Information tech to boost road safety
BANDAR SERI BEGAWAN
BRUNEI plans to use information technology to boost road safety in the Sultanate.
Under the plan, two road safety research projects — the Road Accident Data Enhancement and Development (RADED) and the Average Speed Monitoring System (ASMOS) —will be carried out.
While RADED will help improve the database of road accidents in the country enabling the authorities to take corrective measures to reduce accidents, ASMOS will help monitor the speeds of road users in Brunei and is geared towards helping enforce traffic rules and regulations.
RADED, which is estimated to cost around $100,000, will be completed in a year, while ASMOS, which is estimated to cost around $235,000, will be completed in around three years due to hardware testing and other technical issues. Both the projects were launched with the signing of a Memorandum of Understanding (MoU) yesterday at the Ministry of Communications (MinComm) between the Centre for Transport Research (CfTR) at Institut Teknologi Brunei (ITB) and MinComm.
Speaking to The Brunei Times, CfTR Deputy Director Haji Mohd Adi Mukmin Haji Sarbini said the projects were part of ITB’s efforts to foster closer collaboration with MinComm in reducing the rate of road fatalities and serious injuries.
“What we are trying to achieve for RADED is to improve the database for road accidents because if we want to do proper research on the data (recorded) by the police and the road safety unit, we need more than just the name of the location and the type of accident that occurred,” he said.
“We want to make it so that from the operational side, especially for the police, they will have all the important information recorded. For example, the exact location, including the direction each vehicle was heading prior to the incident,” he added.
Haji Mohd Adi Mukmin said if the database was accurate, more studies could be conducted to identify “problem” areas or hot spots. “Through RADED, we also aim to make data recording more convenient and user-friendly for the authorities. Currently, details are handwritten, and someone needs to input the information into a database,” he said.
The ASMOS is a way to monitor the speeds of road users in Brunei Darussalam, and its operational use is geared more towards enforcing traffic rules and regulations, he said. “The idea behind this system is to use something that is not expensive (for monitoring). The normal practice in other countries is to install speed cameras or employ police personnel on roads to check (for speeders),” he said.
“The ASMOS would be integrated with Radio Frequency Identification Technology (RFID) (so speeding motorists) can be easily identified with a database already installed in the ASMOS device,” he added.
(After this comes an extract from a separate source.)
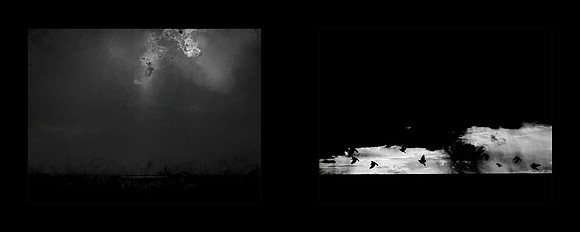 leaving-43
Haji Mohd Adi Mukmin said that RFID is similar to the use of identification cards to gain access to certain areas in offices. But for the ASMOS, tags would be (installed) on each car, enabling the system to detect the owner and the speed limit breached.
“We do not want something that is fixed like speed cameras, where you would have to install them at certain spots. What we want is a device where, if we need to monitor (traffic), we can just put it at the desired spot and then collect the data on speeding motorists along the route,” he said.
He said the system would not only be used for enforcement but also for making road users aware of certain stretches of roads that are considered “hot spots” that are prone to accidents.
The MoU was signed on behalf of the CfTR by its Director, Dr Tan Soon Jiann. Dr Hj Supry Hj Awang Ladi represented MinComm.
The signing was witnessed by Minister of Communications Yang Berhormat Pehin Orang Kaya Hamzah Pahlawan Dato Seri Setia Hj Abdullah Begawan Mudim Dato Paduka Hj Bakar. Also present were the Permanent Secretary of MinComm and Chairman of the Brunei National Road Safety Council (BNRSC), Abdul Mutalib Pehin Orang Kaya Seri Setia Dato Paduka Hj Mohd Yusof, and Associate Professor Dr Hjh Zohrah Hj Sulaiman, who is the acting vice chancellor of ITB.